The project has shown that a hydrometallurgical process is feasible. This is a first and necessary step to prompt further development of the technology, with more specific economic targets. The project took a chemical concept at TRL 2 (technology concept formulated) and advanced it to TRL 5 (technology validated in relevant environment) by means of a demonstration of the process. The process is now at a stage where end-users with specific requirements can assess it and develop it further. It will be necessary to specify particular waste compositions in order to take the next step of improving the cost-effectiveness of the process. That be a particular source of waste batteries for example.

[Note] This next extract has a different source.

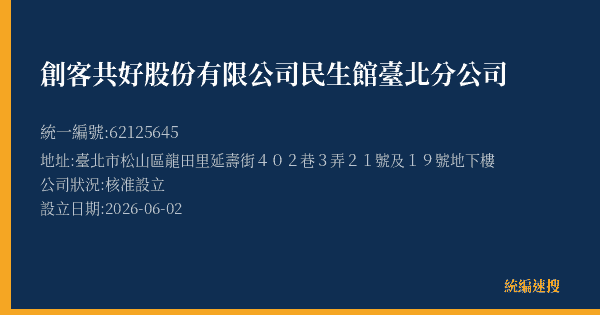 創客共好股份有限公司民生館臺北分公司的照片-統編 62125645(臺北市) 公司登記資料與營業項目詳細圖表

A likely impact is the development of a business model for the technology including the operation of the process and the necessary supporting activities. The process has very different capital and operational requirements that make it suitable for operation by SMEs. Whether the process is owned and operated by the end-user or contracted for from a service company will depend on the economic and operational details. It might be for example that the process itself is mobile – containerised - and travels to the waste locations. There will be a necessity for analytical support services – of the waste itself, of the products, and of the process fluids.
Development work is required to advance the process to the next level, probably to TRL 7 in a follow-on project. This will require integration with front-end battery sorting and preparation (discharging, shredding, physical separation) as well as downstream processing of product (as precipitate for example). Follow-on laboratory work at TRL 3-4 to further develop and refine the chemistry, to develop the nickel removal process further, and to replace kerosene with biodiesel, will be necessary also. The process may find use in the treatment of other mixed wastes where a low-temperature leaching in DES to remove metals but leave plastics or other organic materials behind is desirable.
The intended overall impact of the project is that it prompts further development of hydrometallurgical metal recovery technology that will find a place in waste treatment and reduce the burden that primary extractive metal industries place on the world, against a back-drop of rising consumption of batteries and related items.